Not that every week (day) isn't somewhat humbling, but this week has been especially so.  Working with my podcasting partner at Central (who is so on her game and hip with all the new apps) to my visits to a bunch of different sites nominated for the "eddie" awards, to watching some of the great Camtasia videos produced for training by JL, it's been a week of watching others who are much more adept at integrating technology.  It was fun, mind you.  I said humbling, not depressing.  But still, it seems a guy could search forever to find the best tools to promote learning and then they'd just invent a dozen new apps (or a web 4.0) and he'd have to start all over.  

So I spent my week working on the Camtasia/PPT and CPS/PPT (making it a CPS/PPT/Camtasia) project.  I basically took a powerpoint lesson on sentence structure and camtasia'd the animations and voice-overs which resulted in a few short movies on the subject.  In camtasia, I cleaned up a couple problems and added highlighting in a few places to emphasize points.  Then, in CPS, I launched the ppt with the question bar on the bottom.  After each short video, I had them respond to questions, and then we moved on to the next section of the video, etc, etc.  I used a lot of visual humor to try to make some of the points, and also hoped that the rolling motion of a video presentation would hold attention and feel stimulating and familiar to the kids.  I wanted the stop/question session to be kind of sudden and shocking - like if a tv show or movie suddently stopped and addressed the audience.  I'm not sure that the video segment was narrative enough for that.  I mean, it did definitely hold their attention better than I do when I present the rules of sentence structure with notes or orally.  But, I don't know...  

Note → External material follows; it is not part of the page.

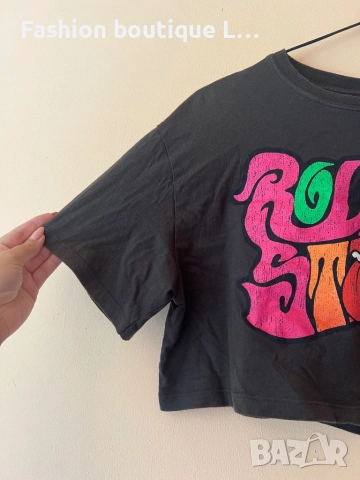Къса тениска Rolling Stones 100% памук на марката Bershka ❤️, снимка 3 - Тениски - 51809651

And, the data goon inside of me says - "You don't know because you didn't set up any reliable measurement device.  In typical technowonk style, you ran ahead and tried something but didn't think in advance about how to measure it.  i.e. pre-event measurements of student engagement with the introduction to materials, score-based measurement on the pre-post lesson learning, narrative feedback on student enjoyment/engagement..."  Oh well.  Live and learn.  Gotta go.